Naming Autonomy with .privacy: A Retrospective and Look Ahead
When .privacy launched with Women in Web3 Privacy (WiW3P), Secret Network, and FLUIDEFI, it entered the ecosystem with a clear purpose. It offered a naming space for people and projects who care about digital boundaries, data control, and the right to choose how information is shared. As the domain has evolved, its role has expanded in ways that now point toward a much larger future, one that includes our official intent to submit .privacy to the upcoming Internet Corporation for Assigned Names and Numbers (ICANN) Global Top Level Domain (gTLD) application.
Why .privacy Was Created
WiW3P brought community leadership and advocacy for user protection. Secret Network contributed technical experience in privacy-preserving computation. FLUIDEFI added insight from secure, confidential computing infrastructure. Together, they helped shape a domain intended for people who want their online presence to reflect thoughtful data practices and privacy-aware values. The original vision positioned .privacy as a namespace that could live in both worlds. It was designed to function like a familiar web address while also supporting onchain identity features such as self-custody, wallet-linked naming and selective disclosure for users who choose those tools.
How .privacy Took Shape
Over time, .privacy has become a home for those who want their digital identity to align with principles of discretion and choice. It has resonated with users who prefer readable names that do not reveal more information than necessary, and with projects that focus on privacy-aware tools, communities or research. In practice, this has meant .privacy being used for personal identity, project branding, secure communications and naming layers where minimizing unnecessary exposure is part of the design intent.

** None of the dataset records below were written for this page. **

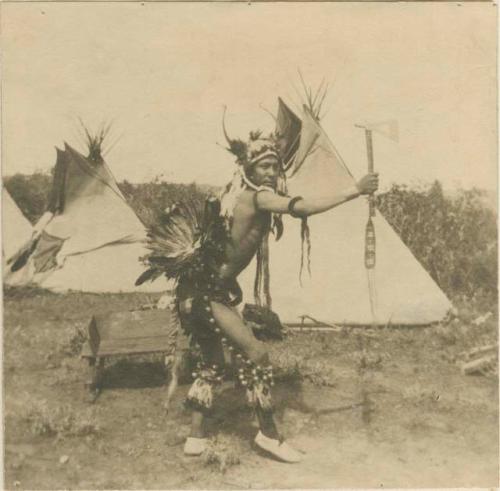 Man posing with axe and hip ornament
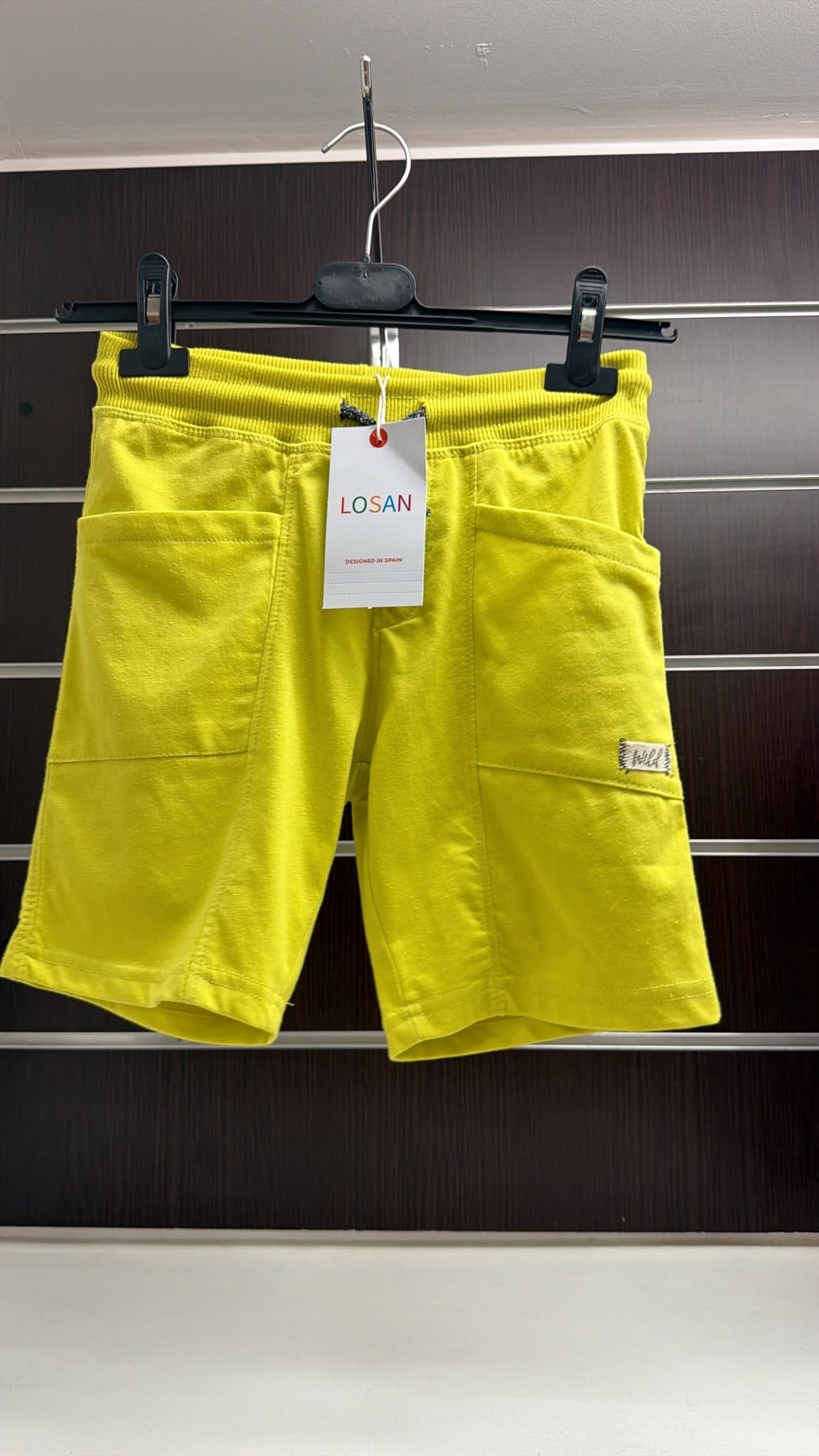 Bermuda niño Losan amarillo con bolsillos — fotografía del producto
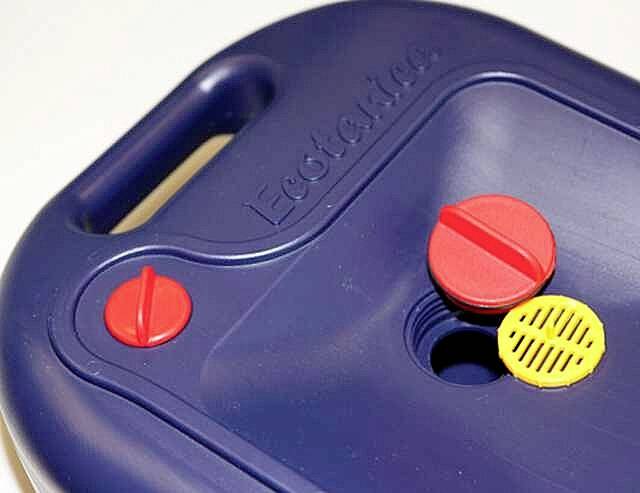 A blue jerry can with a red and yellow cap on the top.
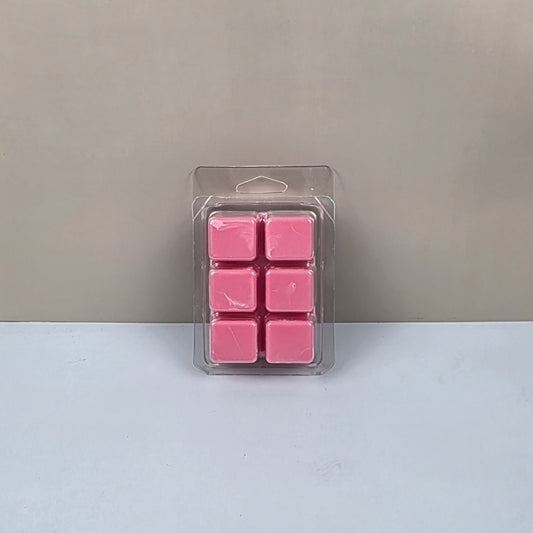Pack of pink wax melts in clear packaging on a light gray background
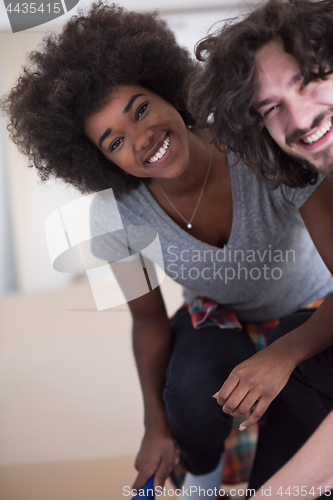 Image of multiethnic couple renovating their home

The domain has established itself as a popular choice where privacy-first identity matters, including:
- Groups or platforms built around user-controlled data
- Services that benefit from human-readable, user-owned identifiers
- Communities exploring selective or pseudonymous presence
- Projects that want values-aligned branding tied to privacy technology
Rather than serving volume-driven trends, .privacy has taken root with people who care about autonomy and digital dignity.

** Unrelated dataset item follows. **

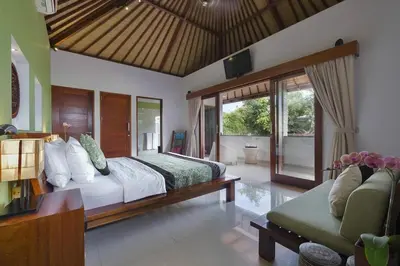 a bedroom with a large bed and a couch at ViLLA GREEN MANGGO III in Seminyak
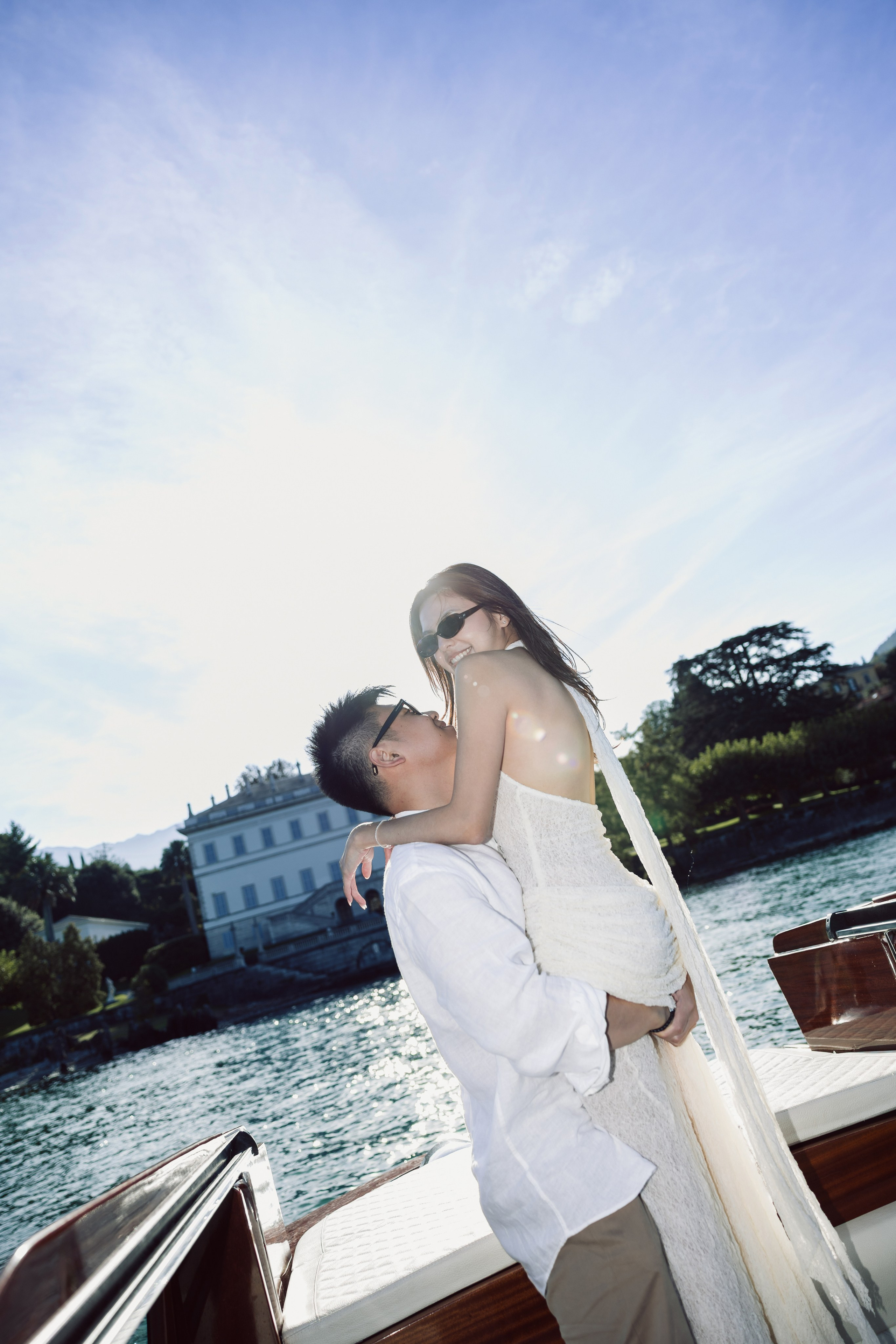 Man lifting his partner during a joyful romantic boat photoshoot on Lake Como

How .privacy Has Held Its Place
The concerns that inspired .privacy continue to influence how people navigate the internet. Many individuals and organizations want greater choice in how they present themselves, what information they share and how their identity is positioned online. A domain built around intentional digital presence remains relevant, especially as expectations around data sensitivity grow. AI has accelerated these concerns, prompting more people to think carefully about how their data is used, interpreted and circulated online.
The involvement of WiW3P, Secret Network, and FLUIDEFI has kept .privacy aligned with applied privacy expertise, creating a namespace shaped by advocates, technologists and builders actively working in data protection and privacy-preserving systems.
The Next Step: Bringing .privacy to the Global Stage
In September 2025, we announced the intent to submit .privacy to the upcoming ICANN gTLD application round in 2026. This move, if successful, would position .privacy inside the global DNS system and open the door to far wider use.
If approved, ICANN recognition would allow .privacy to function as a standard top-level domain. That means:
- Full browser and website support across Chrome, Firefox, Edge and other major platforms
- Native email functionality for sending and receiving from .privacy addresses
- Search engine visibility that allows .privacy sites to be indexed and discoverable
This transition would also allow privacy-oriented naming to participate directly in the same infrastructure as banks, governments, institutions and global platforms. It would bring .privacy into the mainstream internet environment while still allowing users to benefit from onchain identity tools, representing the next stage in giving individuals and organizations a domain shaped around user choice, intentionality and control over how they present themselves online.